Wav2Vec for speech recognition, classification, and audio classification

Last update: Dec 15, 2022

Overview

Soxan

در زبان پارسی به نام سخن

This repository consists of models, scripts, and notebooks that help you to use all the benefits of Wav2Vec 2.0 in your research. In the following, I'll show you how to train speech tasks in your dataset and how to use the pretrained models.

How to train

I'm just at the beginning of all the possible speech tasks. To start, we continue the training script with the speech emotion recognition problem.

Training - Notebook

Task	Notebook
Speech Emotion Recognition (Wav2Vec 2.0)
Speech Emotion Recognition (Hubert)
Audio Classification (Wav2Vec 2.0)

Training - CMD

python3 run_wav2vec_clf.py \
    --pooling_mode="mean" \
    --model_name_or_path="lighteternal/wav2vec2-large-xlsr-53-greek" \
    --model_mode="wav2vec2" \ # or you can use hubert
    --output_dir=/path/to/output \
    --cache_dir=/path/to/cache/ \
    --train_file=/path/to/train.csv \
    --validation_file=/path/to/dev.csv \
    --test_file=/path/to/test.csv \
    --per_device_train_batch_size=4 \
    --per_device_eval_batch_size=4 \
    --gradient_accumulation_steps=2 \
    --learning_rate=1e-4 \
    --num_train_epochs=5.0 \
    --evaluation_strategy="steps"\
    --save_steps=100 \
    --eval_steps=100 \
    --logging_steps=100 \
    --save_total_limit=2 \
    --do_eval \
    --do_train \
    --fp16 \
    --freeze_feature_extractor

Prediction

import torch
import torch.nn as nn
import torch.nn.functional as F
import torchaudio
from transformers import AutoConfig, Wav2Vec2FeatureExtractor
from src.models import Wav2Vec2ForSpeechClassification, HubertForSpeechClassification

model_name_or_path = "path/to/your-pretrained-model"
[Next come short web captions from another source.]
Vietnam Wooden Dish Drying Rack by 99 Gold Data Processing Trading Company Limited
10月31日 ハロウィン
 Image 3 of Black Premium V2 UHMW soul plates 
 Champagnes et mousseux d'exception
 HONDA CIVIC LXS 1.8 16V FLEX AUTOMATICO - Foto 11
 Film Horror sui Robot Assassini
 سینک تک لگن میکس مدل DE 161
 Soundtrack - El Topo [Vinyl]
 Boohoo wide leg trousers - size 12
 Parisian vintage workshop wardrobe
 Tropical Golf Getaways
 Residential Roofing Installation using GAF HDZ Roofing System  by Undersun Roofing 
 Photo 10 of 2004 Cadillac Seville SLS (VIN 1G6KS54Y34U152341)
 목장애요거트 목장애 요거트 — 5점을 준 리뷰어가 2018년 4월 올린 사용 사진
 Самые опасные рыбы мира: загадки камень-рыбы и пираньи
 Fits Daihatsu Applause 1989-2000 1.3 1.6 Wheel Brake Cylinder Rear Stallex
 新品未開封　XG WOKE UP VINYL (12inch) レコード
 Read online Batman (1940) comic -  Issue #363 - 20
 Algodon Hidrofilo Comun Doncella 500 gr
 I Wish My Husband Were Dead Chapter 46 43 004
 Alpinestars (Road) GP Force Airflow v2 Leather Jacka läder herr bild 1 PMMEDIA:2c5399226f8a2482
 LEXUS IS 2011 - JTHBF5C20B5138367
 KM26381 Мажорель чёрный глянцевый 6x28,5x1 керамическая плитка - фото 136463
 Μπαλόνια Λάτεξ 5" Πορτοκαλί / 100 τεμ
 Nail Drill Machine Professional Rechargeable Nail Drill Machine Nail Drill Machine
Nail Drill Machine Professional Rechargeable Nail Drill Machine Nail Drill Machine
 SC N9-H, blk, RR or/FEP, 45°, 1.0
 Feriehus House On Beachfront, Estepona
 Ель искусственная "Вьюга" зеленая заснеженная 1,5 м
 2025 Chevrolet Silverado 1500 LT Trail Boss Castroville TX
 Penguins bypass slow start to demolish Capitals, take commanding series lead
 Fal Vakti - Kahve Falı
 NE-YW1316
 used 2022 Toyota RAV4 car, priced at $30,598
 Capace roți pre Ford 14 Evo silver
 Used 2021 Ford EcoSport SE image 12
device = torch.device("cuda" if torch.cuda.is_available() else "cpu")
config = AutoConfig.from_pretrained(model_name_or_path)
feature_extractor = Wav2Vec2FeatureExtractor.from_pretrained(model_name_or_path)
sampling_rate = feature_extractor.sampling_rate

# for wav2vec
model = Wav2Vec2ForSpeechClassification.from_pretrained(model_name_or_path).to(device)

# for hubert
model = HubertForSpeechClassification.from_pretrained(model_name_or_path).to(device)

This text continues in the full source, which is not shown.